Of course, such monstrous attacks wouldn’t stay secret forever. Now the newspapers call for a “werewolf hunt.” A bounty has even been placed upon the creature's head. But still, no one suspected Dr. Wolf. Some of his patients had joked that his bearded chin was rather wolfish, every hair combed down his chin, held in place by the Fable Beard Company butter that he had imported from the realms across the sea. There was, however, no serious inquiry into Wolf.
So, sits Dr. Wolf, reflecting on the morality of his actions, considering the possibilities and the dangers of his new found gift.
“I do it to protect my borough. The innocent people here do not deserve the tyranny of this thug Devlin. As long as the Wolf roams the streets at night, the townspeople can thrive in the light,” reasons Dr. Wolf.
But this time The Wolf speaks back.
“Sure, but you love the power. The exhilarating freedom, the wild prowl through the city, the escape from the oppression of these mere fleshlings. That’s really it isn’t it Doctor. You need me to escape the hopelessness of your reality.”
The Doctor is disturbed by this new voice in his mind, but he recognizes its still his own, just with a dark aspect.
“Yes I do suppose that I enjoy the work, however, I fear that I may grow weary and lose control.
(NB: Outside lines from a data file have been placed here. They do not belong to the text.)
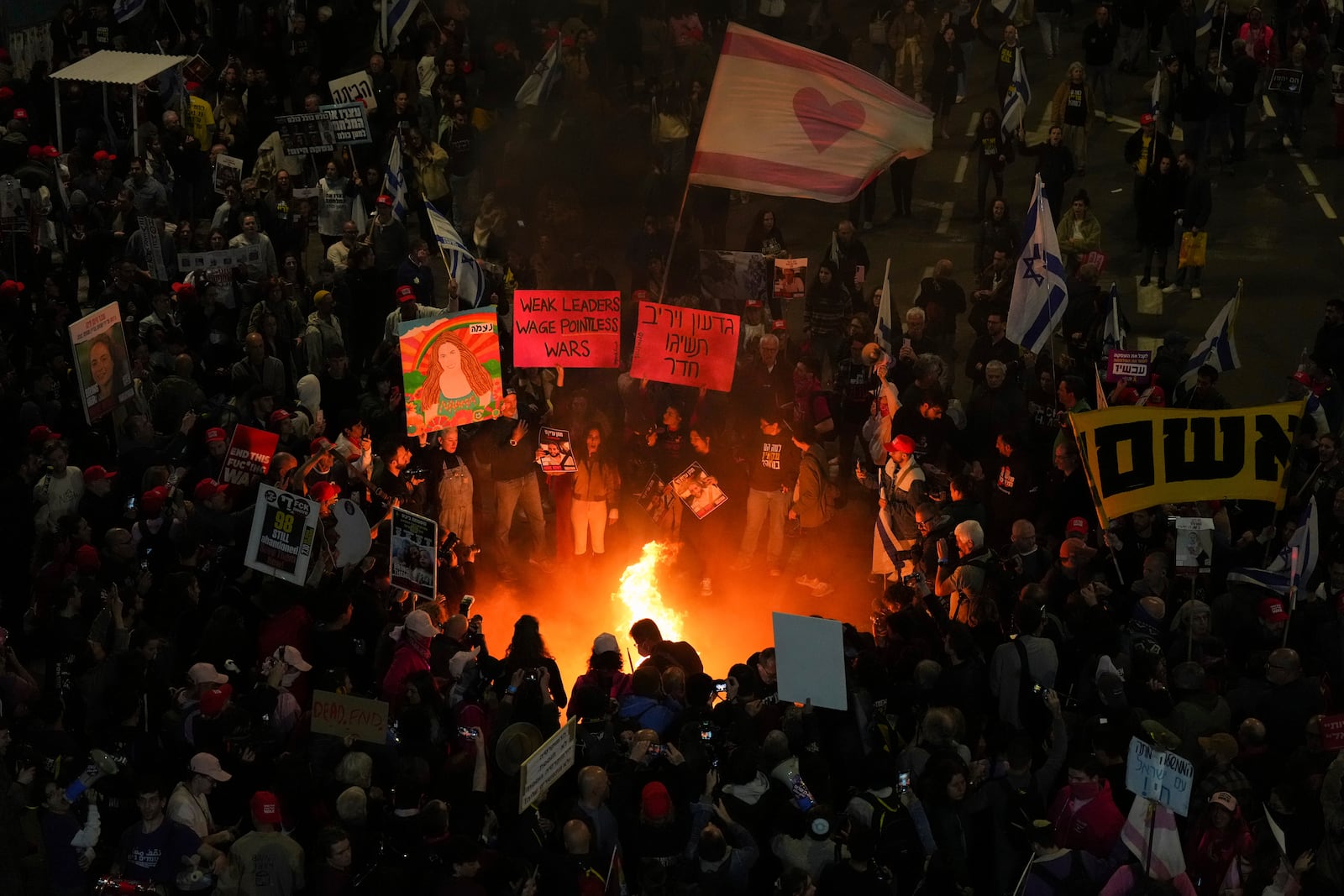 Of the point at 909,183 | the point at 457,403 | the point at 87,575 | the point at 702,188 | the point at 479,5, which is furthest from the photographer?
the point at 479,5

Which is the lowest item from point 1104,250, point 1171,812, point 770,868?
point 1104,250

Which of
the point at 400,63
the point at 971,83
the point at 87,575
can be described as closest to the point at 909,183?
the point at 971,83

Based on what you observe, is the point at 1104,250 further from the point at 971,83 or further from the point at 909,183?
the point at 971,83

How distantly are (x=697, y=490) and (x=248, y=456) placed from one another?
4105 millimetres

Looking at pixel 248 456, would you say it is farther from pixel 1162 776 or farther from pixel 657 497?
pixel 1162 776

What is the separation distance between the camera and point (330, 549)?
1305 cm

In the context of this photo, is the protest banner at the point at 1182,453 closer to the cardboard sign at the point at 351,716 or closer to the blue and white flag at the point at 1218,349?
the blue and white flag at the point at 1218,349

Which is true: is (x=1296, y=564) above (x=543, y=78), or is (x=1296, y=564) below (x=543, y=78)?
above

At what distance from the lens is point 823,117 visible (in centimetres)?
1504

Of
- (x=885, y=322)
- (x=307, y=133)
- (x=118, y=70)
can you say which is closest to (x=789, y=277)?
(x=885, y=322)

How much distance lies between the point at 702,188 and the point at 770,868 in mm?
12555

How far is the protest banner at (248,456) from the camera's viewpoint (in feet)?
45.0

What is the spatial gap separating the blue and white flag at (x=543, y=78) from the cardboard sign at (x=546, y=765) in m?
14.6

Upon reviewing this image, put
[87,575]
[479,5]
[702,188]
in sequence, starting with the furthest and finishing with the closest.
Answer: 1. [479,5]
2. [702,188]
3. [87,575] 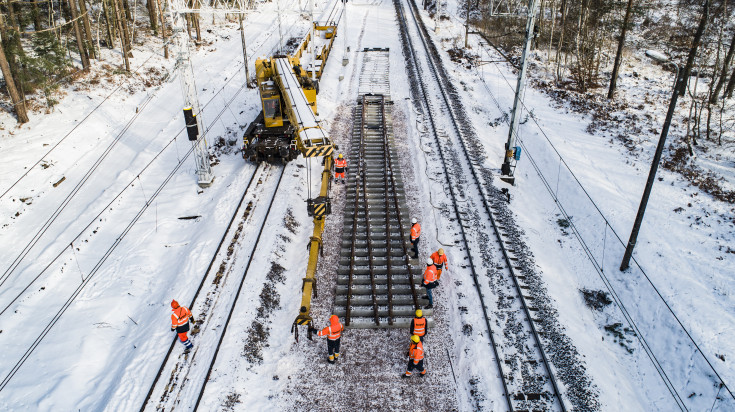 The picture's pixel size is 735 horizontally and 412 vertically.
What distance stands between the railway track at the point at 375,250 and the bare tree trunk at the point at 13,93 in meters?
15.7

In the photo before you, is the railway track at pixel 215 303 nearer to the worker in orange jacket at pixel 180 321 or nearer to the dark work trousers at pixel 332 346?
the worker in orange jacket at pixel 180 321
While in my, *ahem* altered state, I am still in control, but I feel the constant pull of the Wolf to fully give in and let go. I fear what he may do. What I’ve been doing isn’t right. Despite their wrong-doings they should stand trial for their crimes. Justice belongs to the people. I’m no better than the criminals I terrorize. But if I give full release to The Wolf...” replies Dr. Wolf.
“You’re not that naive” growls the The Wolf, “You use your power to protect the borough. The police will never contain this filth and you know it. They are animals and The Wolf is the top of the food chain. Let go and I will give them something to truly fear. They will fear me as they fear death for I shall become death to all those who hide their misdeeds in the shadows of the night.”
The Doctor drops a blueberry in his mouth as he looks out the window, the sunset nearly diminished. He then turns to the scrap of paper lying on the table, detailing the time and location of a meeting between Devlin and his crime lords. He ponders what the Wolf has said and wonders if tonight is the night where The Wolf runs free.